ActiveRecord Overview and Tips

Mar 15 2016

What is ORM?

Object-Relational Mapping or ORM is a technique that connects the
rich objects of an application to tables in a relational database
management system. Using ORM, the properties and relationships of the
objects in an application can be easily stored and retrieved from a
database without writing SQL statements directly and with less
overall database access code. This post goes over the excellent
Ruby ORM called ActiveRecord


Migrations & Schema

Migrations are a convenient way to alter your database schama over time
in a consistent and easy way. They use Ruby code so you don't have to
edit tables by SQL.

Migrations capture the change in schema, the outcome is captured in
db/schema.rb 

For example, the migration

class CreateStudents < ActiveRecord::Migration
  def change
    create_table :students do |t|
      t.string :first_name
      t.string :last_name
      t.integer :age
      t.belongs_to :house
      t.timestamps
    end
  end
end

will be translated to schema.rb as

  create_table "students", force: :cascade do |t|
    t.string   "first_name"
    t.string   "last_name"
    t.integer  "age"
    t.integer  "house_id"
    t.datetime "created_at"
    t.datetime "updated_at"
  end

Queries

Lets review some basic AR code, and its SQL interpretation.

Insert

The INSERT INTO Statement is used to add new rows of data to a table in
the database.

  Student.create(first_name: "Johny", last_name: "Bravo", age: 25)
  INSERT INTO students (first_name, last_name, age) VALUES ('Johny', 'Bravo', 25)
Select

SELECT statement is used to fetch the data from a database table which
returns data in the form of result table. These result tables are called
result-sets.

  Student.first
  SELECT * FROM students ORDER BY id LIMIT 1
Where

The WHERE clause is used to specify a condition while fetching the data
from single table or joining with multiple tables.
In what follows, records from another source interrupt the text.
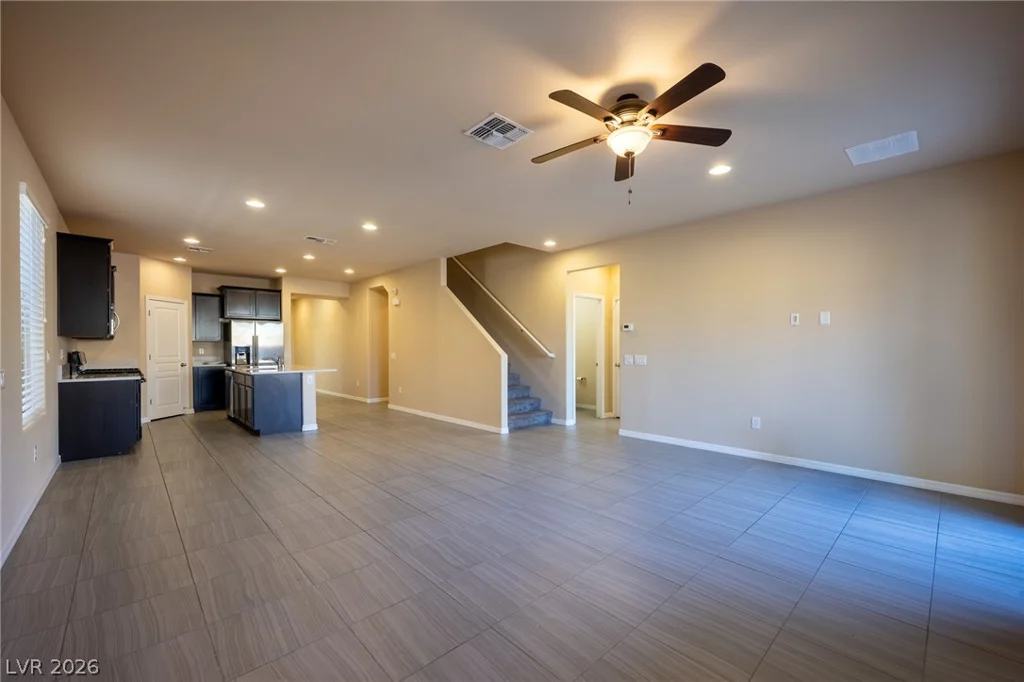 11016 Prairie Grove, Las Vegas, NV 89179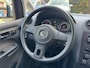 Volkswagen Caddy Combi 1.2 TSI Roncalli 5-persoons Airco Trekhaak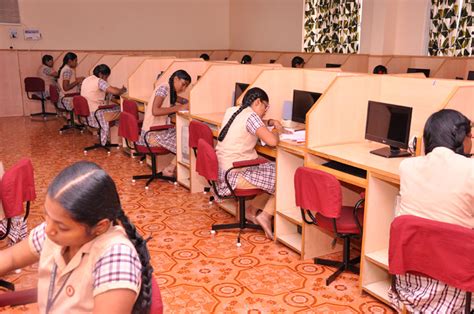 Computer Lab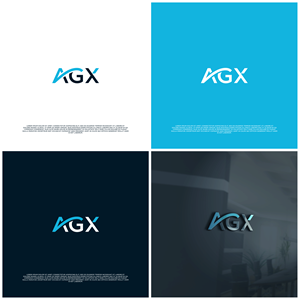 Logo Design by B.O_studio for this project | Design: #33909823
  Student.where('age < 30')
  SELECT * FROM students WHERE age < 30
  Student.where("first_name LIKE (?)", "%Har%")
  SELECT students.* FROM students WHERE (first_name LIKE ('%Har%'))
Composed Queries

You can chain AR queries. AR will analyze the code, and convert it to
one or more SQL queries.

  Student.where('age < 30').select(:first_name, :last_name)
  SELECT first_name, last_name FROM students WHERE age < 30
Join

An SQL JOIN clause is used to combine rows from two or more tables,
based on a common field between them.

The most common type of join is INNER JOIN (simple join). An SQL INNER
JOIN returns all rows from multiple tables where the join condition is
met.

Say we have 2 tables
Students:

id first_name last_name catch_phrase       house_id
1   johny       bravo     man I'm pretty     1        
2   elmaer     fudge     be vewi vewi quiet 2        
3   ...         ...       ...                          
                                                       

Houses:

id city street   number
1   NY   Broadway 1      
2   NY   5th       4      
3   ...   ...       ...    
                           

We want to get a list of [student_id, house_id]

  SELECT students.*, houses.*
  FROM students
  INNER JOIN houses
  ON students.house_id = houses.id

Note that we don't really need to pull each student & houses data into memory. We can specify which fields are required for our purpose.
More about that at the best practices section.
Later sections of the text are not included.